→ Task to complete
Every line below from the one with "szare jeansy kieszenie" through the one with "- Costa Blanca" should be retyped exactly, both ends included; no other lines and no pictures.

→ Records supplied
▼▼▼
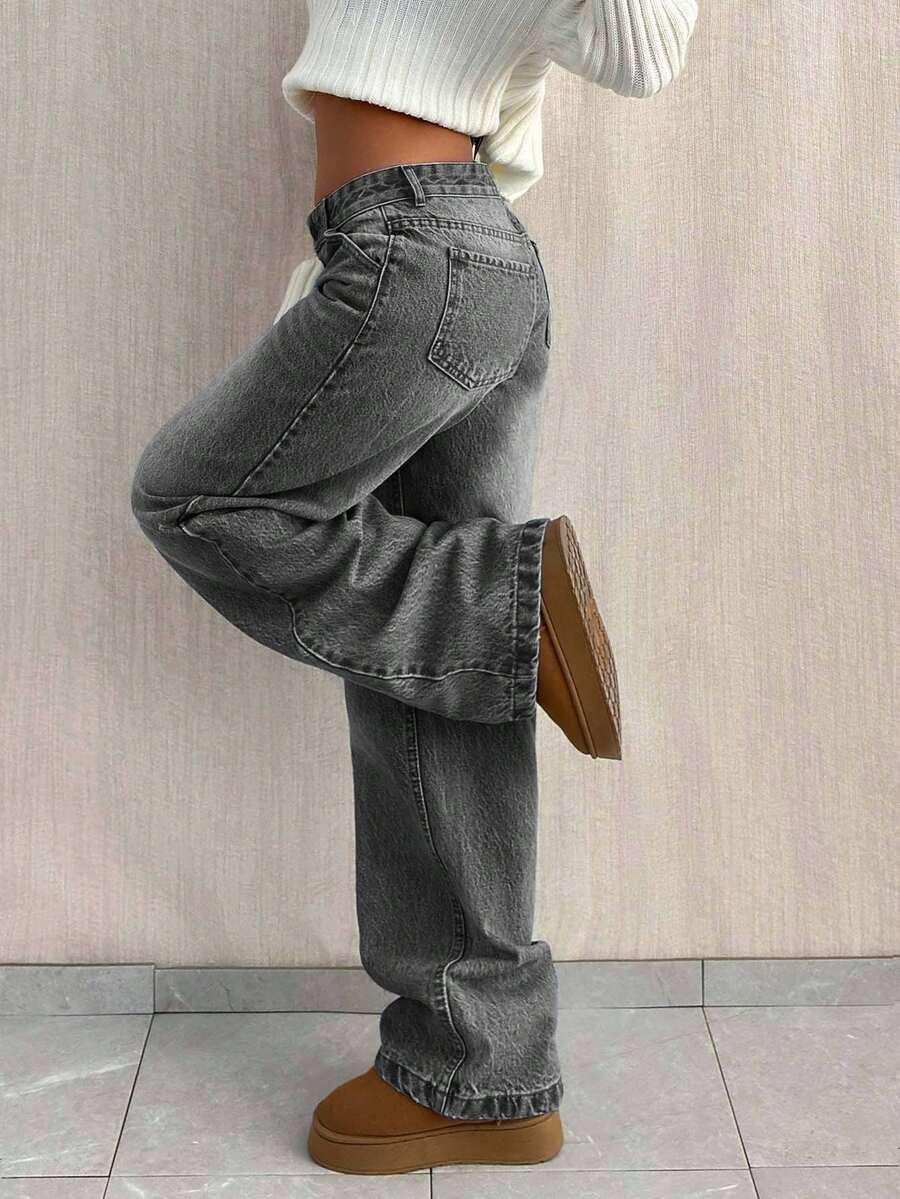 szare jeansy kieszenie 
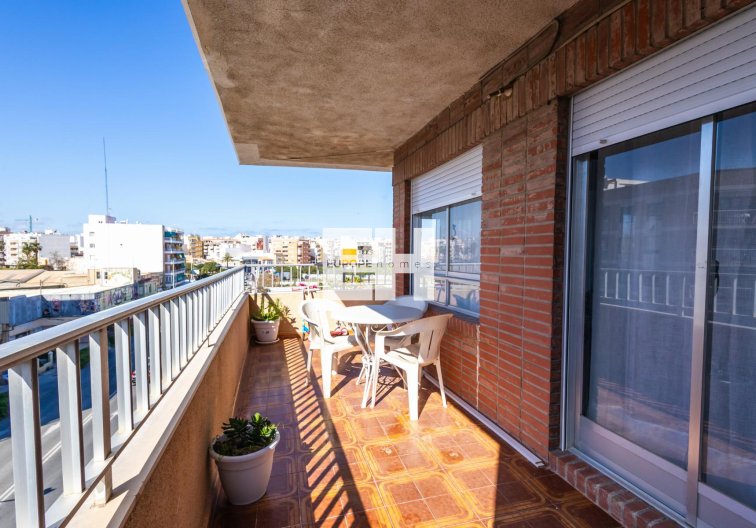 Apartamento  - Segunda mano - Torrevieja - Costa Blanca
▲▲▲
▼▼▼
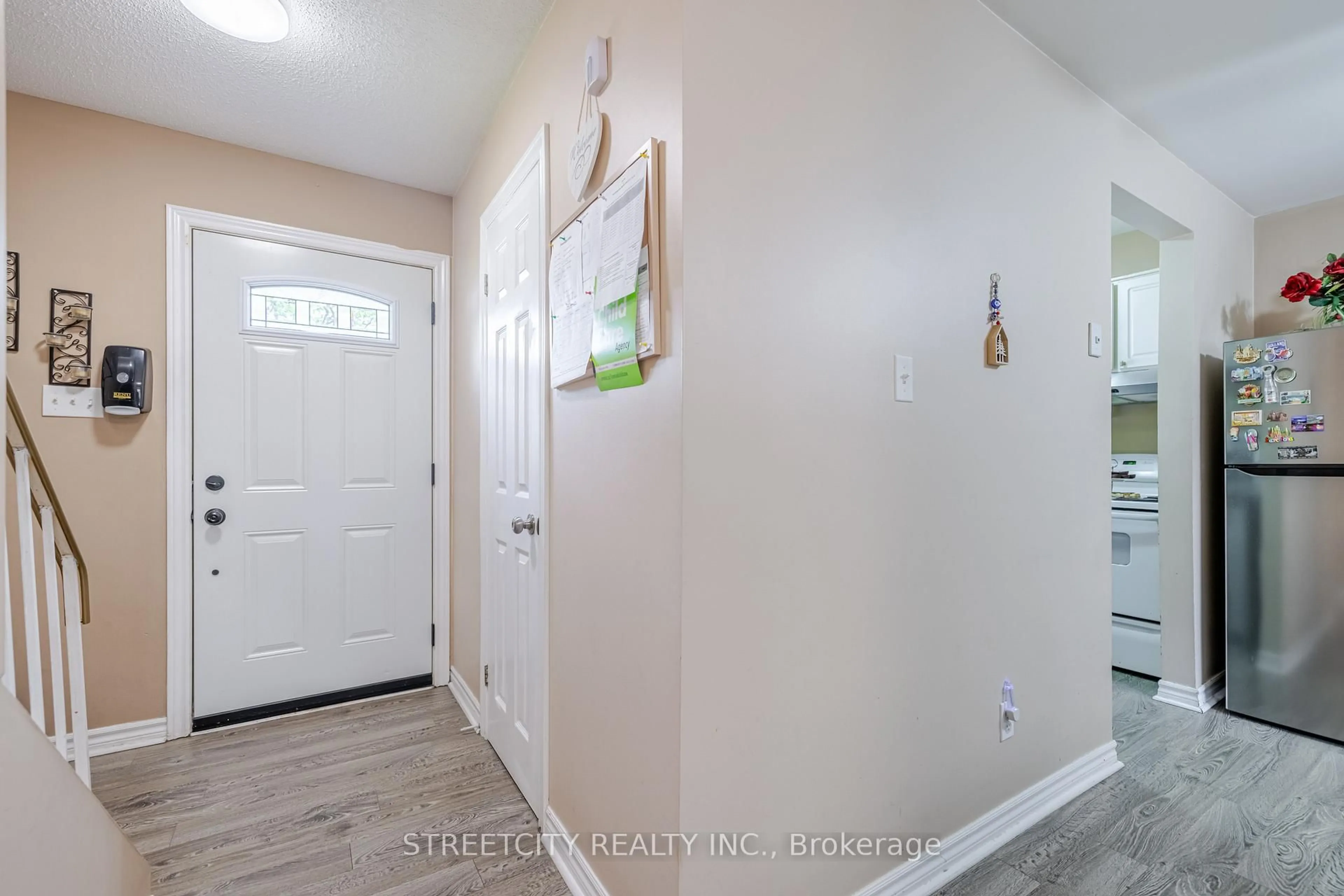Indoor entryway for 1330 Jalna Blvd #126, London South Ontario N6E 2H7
▲▲▲
▼▼▼
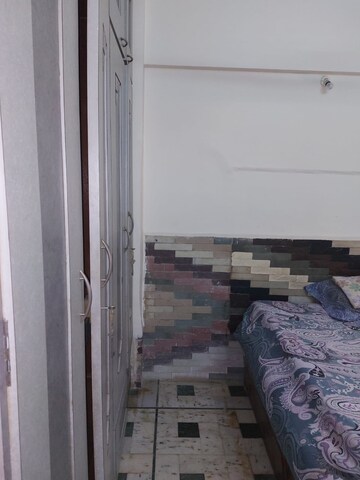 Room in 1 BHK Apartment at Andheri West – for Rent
▲▲▲
→ Exercise solution
 szare jeansy kieszenie 
 Apartamento  - Segunda mano - Torrevieja - Costa Blanca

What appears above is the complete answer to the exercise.